We have learnt a lot about the Post Office during the Report stage. We have learnt a lot about the Bill. We have learnt some remarkable things about the draftsman's mind. We have learnt that he is almost genitive mad. We have had the opportunity of plumbing the depths of "a subsidiary of its". We have discussed what is meant by in the event of a dispute's arising". I ask the right hon. Gentleman and his Department to look again at some of the points of plain bad English which do not belong to the expertise of drafting. I made a plea earlier on an entirely different matter, and I will not go over that ground again, but I make an earnest plea to the right hon. Gentleman, as a non-technician and a non-lawyer but as a person who obviously understands and appreciates the English language, to have another look at some of these drafting points.

We have learnt that the Post Office Savings Bank has most of the attributes of a bucket shop. We have obtained a remarkable amount of information about the way in which the Post Office Savings Bank is run and the very limited powers of discretion of those in charge of it. When we move to the benches opposite, we shall have to consider the powers and duties of the bank because there are millions of people who have the erroneous impression that it is a good thing and is safe. That is wrong. We know from our debates on the Post Office Savings Bank that that is a wrong impression—[HON. MEMBERS: "No."] Hon. Members below the Gangway who are making noises were not present for those debates. I recommend that they read in HANSARD what was said and the very frail arguments put forward from the Government Front Bench against our Amendments.

I come to the main point. Today the Postmaster-General has said that there is a clear division of opinion, or, as he put, of philosophy, between the two sides of the House. He has stood at the Dispatch Box as a sort of latter-day St. George in shining armour to defend the great monopoly of the Post Office from the dragon of private enterprise. We do not regard it as a dragon. The monopoly which is not only being transferred by the Bill to the new Corporation, but widely extended—and, whatever the right hon. Gentleman says, the fact is that there is a substantial extension of the monopoly in the Bill—is not in the public interest.

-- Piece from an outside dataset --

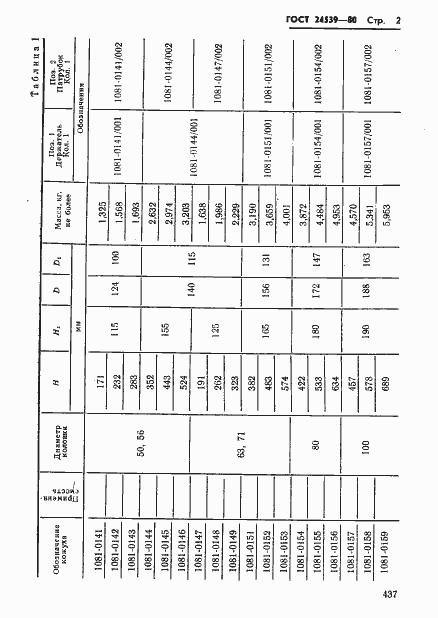 Страница 2 ГОСТ 24539-80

I have this evening asked myself the same question time and again as I listened to the Postmaster-General defending the monopoly: would he say the same things if this were a privately-owned monopoly? The answer, of course, is that he would not. It is simply that he thinks that there is some intrinsic virtue in the fact that this is a publicly-owned monopoly, but all the wrong things that a monoply can do, whether publicly or privately owned, are there. The same injustices can be wreaked upon individuals; the same blindness to grievances can be there.

None of the things that the Postmaster-General has told us in the course of these debates has satisfied me that the new Corporation will be any better than the present Post Office, or any better than any of the other nationalised industries. It will continue to be underwritten with public money. It will not be able to take full advantage of the benefits of private competition which could have come about if the Government had not been so insistent upon preserving the monopoly free of any taint of private participation and of allowing any reasonable competition from private sources.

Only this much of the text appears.